Greenlands - History

History

The present building was built on the site of a previous house which was owned in the seventeenth century by the D’Oyley family, descendants of the Norman Robert D'Oyly. In the early nineteenth century, the land was owned by Thomas Darby-Coventry and a house called Greenland Lodge was built.

The next owner, Edward Marjoribanks, enlarged the house but then sold it in 1868. It was bought by William Henry Smith, son of the founder of WH Smith. He further extended the building, though its appearance received a cool reception from Jerome K. Jerome who joked in Three Men in a Boat that it was ‘the rather uninteresting-looking river residence of my newsagent.’ On Smith’s death, his family was ennobled with the title of Viscount Hambleden. Greenlands remained their home until immediately after the Second World War.

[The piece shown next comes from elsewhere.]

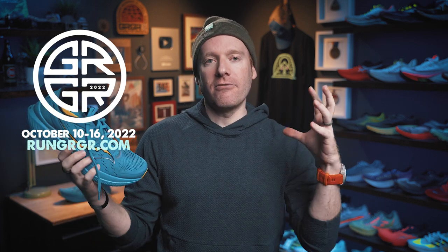Before we do, GRGR is just around the corner — that is the Ginger Runner Global Run. We are now in our seventh year. It is a week-long virtual fun running challenge for everybody, no matter where you are. If you're looking for that little extra kick for your training this fall, consider joining GRGR. We've got a great community of people who participate every single year and we would love to have you join us.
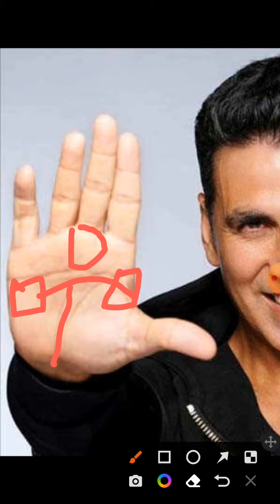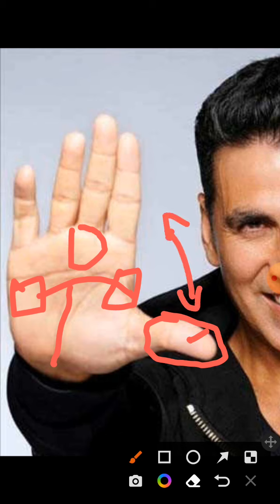This person has done multiple roles — action and comedy — which is shown by a very flexible, adaptable thumb. The logic phalange is waist-shaped, showing that the person knows how to talk to people and is diplomatic. The will phalange is developed, showing the person is very stubborn. We also see a good angle of generosity, indicating he has donated a lot to charity.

In 1946, the 3rd Viscount rented the building to the Administrative Staff College, an initiative designed to provide management education to British men and women in all sectors of the economy and government. The Smith family moved into the village of Hambleden. Meanwhile, the Administrative Staff College opened its doors to course members in March 1948. In 1952, following the death of Viscount Hambleden, the house was bought by the College. The Administrative Staff College was renamed Henley Management College in 1991, when it received its Royal Charter. In 2008 it merged with the Business School of the University of Reading, to form the new Henley Business School.